What is required: Please restate each entry word for word and leave the pictures out.

-- Data shown follows --

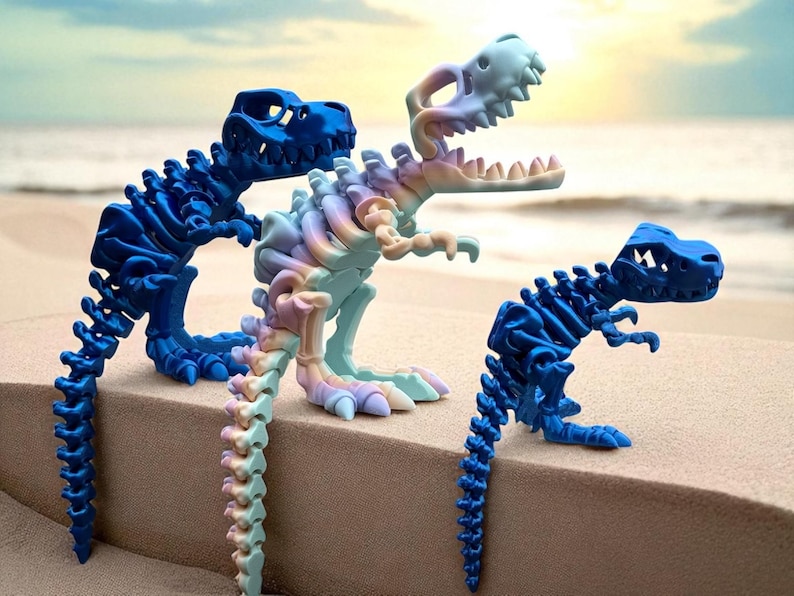 Puede incluir: Tres figuras de esqueletos de dinosaurios en tonos azules y pastel se exhiben sobre una superficie arenosa. Los dinosaurios est&aacute;n posados en diferentes posiciones, uno de ellos con un degradado arco&iacute;ris. El fondo muestra una escena de playa borrosa.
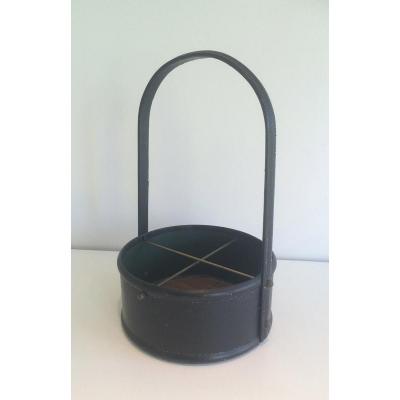 In The Taste Of Jacques Adnet. Leather And Wood Bottle Rack. Around 1950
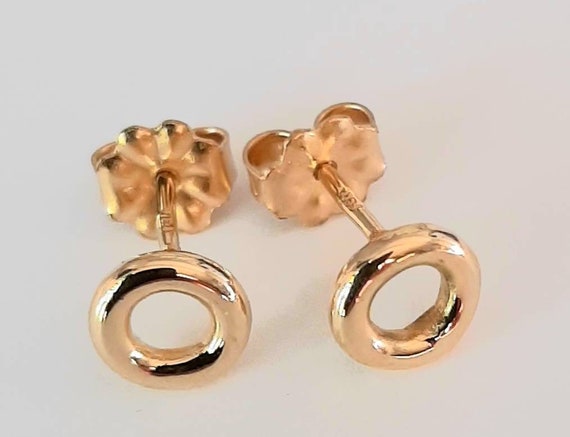 18K Gold Post Earrings. Solid 18K Gold Tiny Donut Style Studs With 18K Gold Ear Nuts.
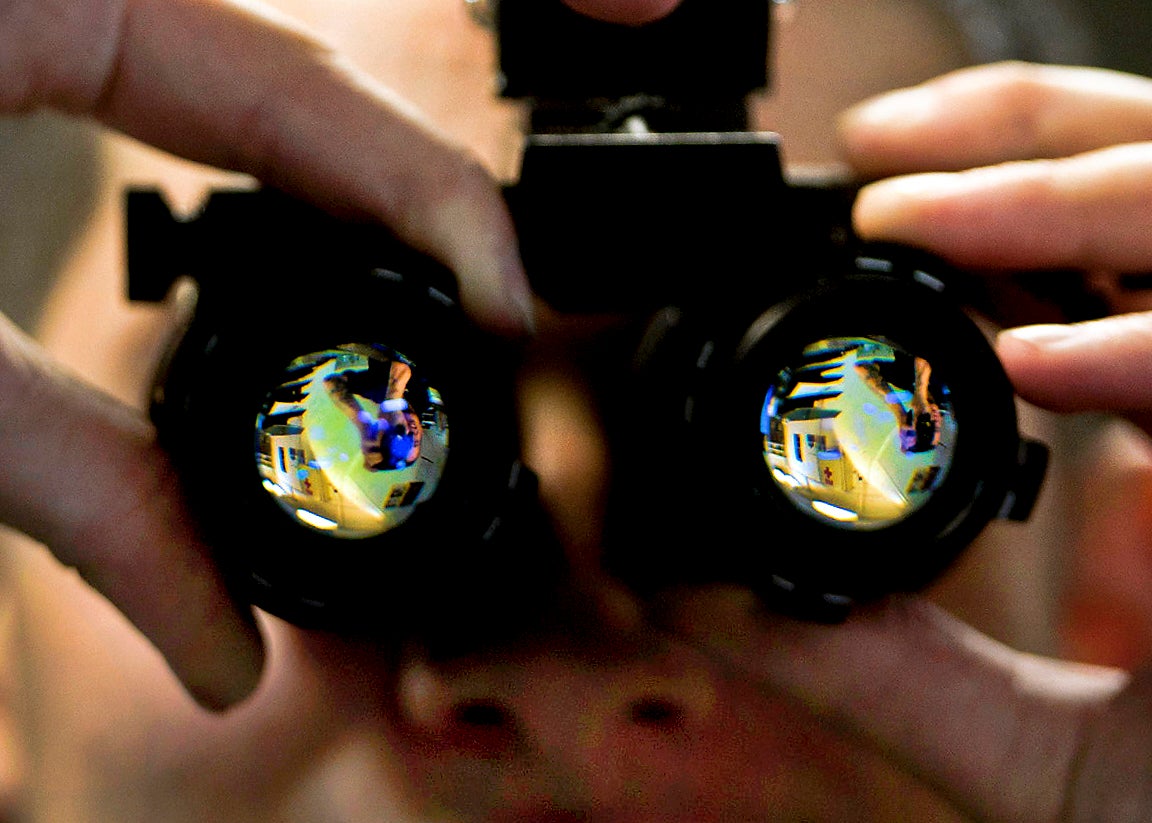 Person adjusts night vision goggles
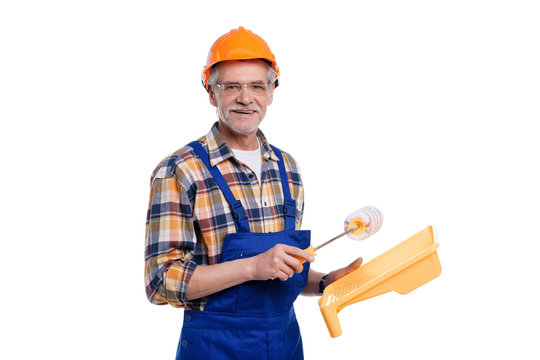 Portrait of senior male builder being going to paint walls in house, holding paint roller in hand, wearing special uniform, apron and protective helmet, isolated on white background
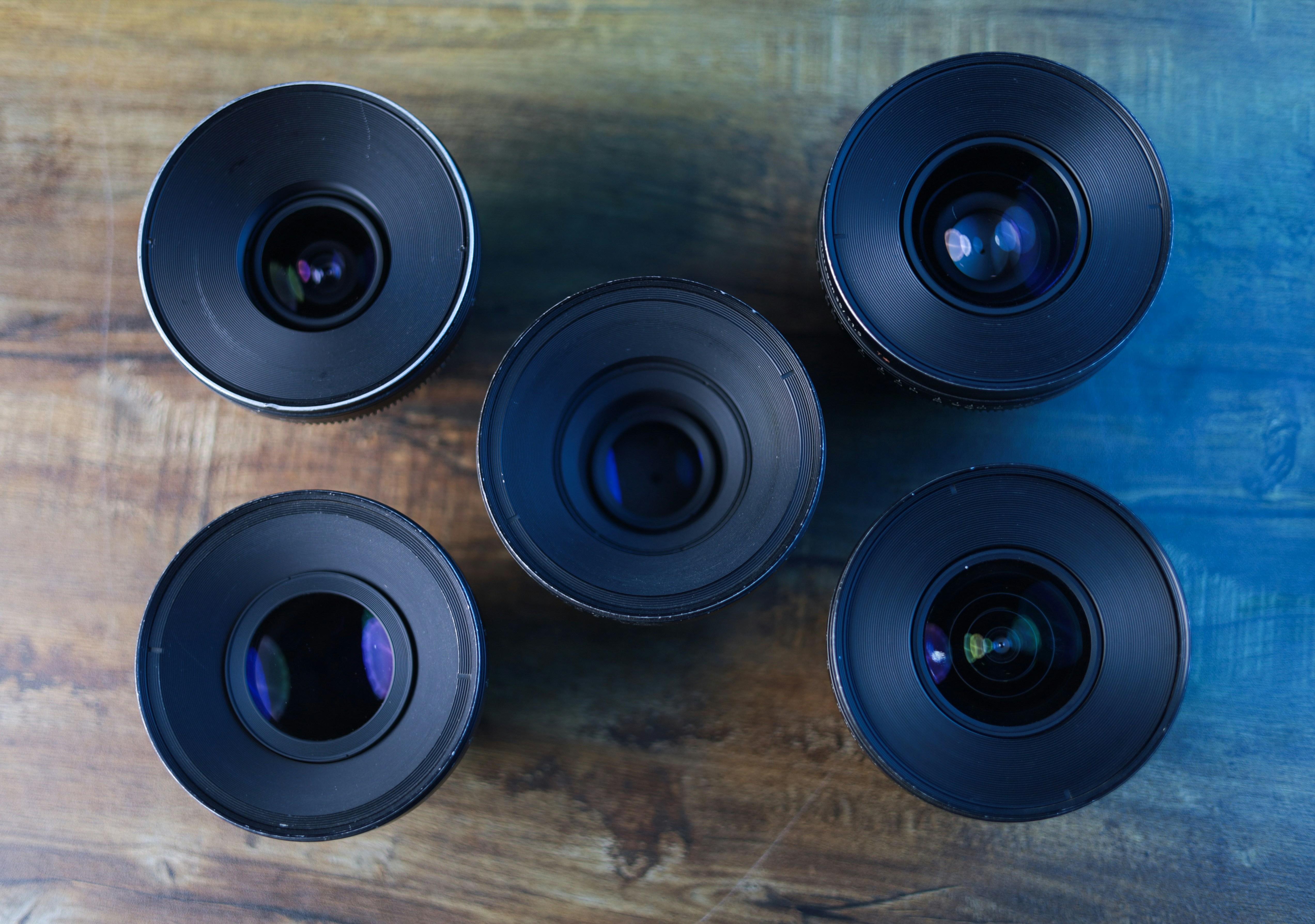 A group of four cameras sitting on top of a wooden table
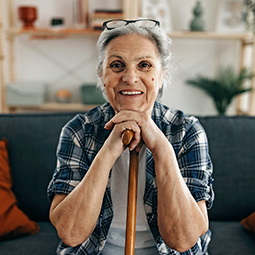 Older adult seated on a couch, holding a cane in a living room.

-- Data shown concluded --

Answer for this exercise:
 Puede incluir: Tres figuras de esqueletos de dinosaurios en tonos azules y pastel se exhiben sobre una superficie arenosa. Los dinosaurios est&aacute;n posados en diferentes posiciones, uno de ellos con un degradado arco&iacute;ris. El fondo muestra una escena de playa borrosa.
 In The Taste Of Jacques Adnet. Leather And Wood Bottle Rack. Around 1950
 18K Gold Post Earrings. Solid 18K Gold Tiny Donut Style Studs With 18K Gold Ear Nuts.
 Person adjusts night vision goggles
 Portrait of senior male builder being going to paint walls in house, holding paint roller in hand, wearing special uniform, apron and protective helmet, isolated on white background
 A group of four cameras sitting on top of a wooden table
 Older adult seated on a couch, holding a cane in a living room.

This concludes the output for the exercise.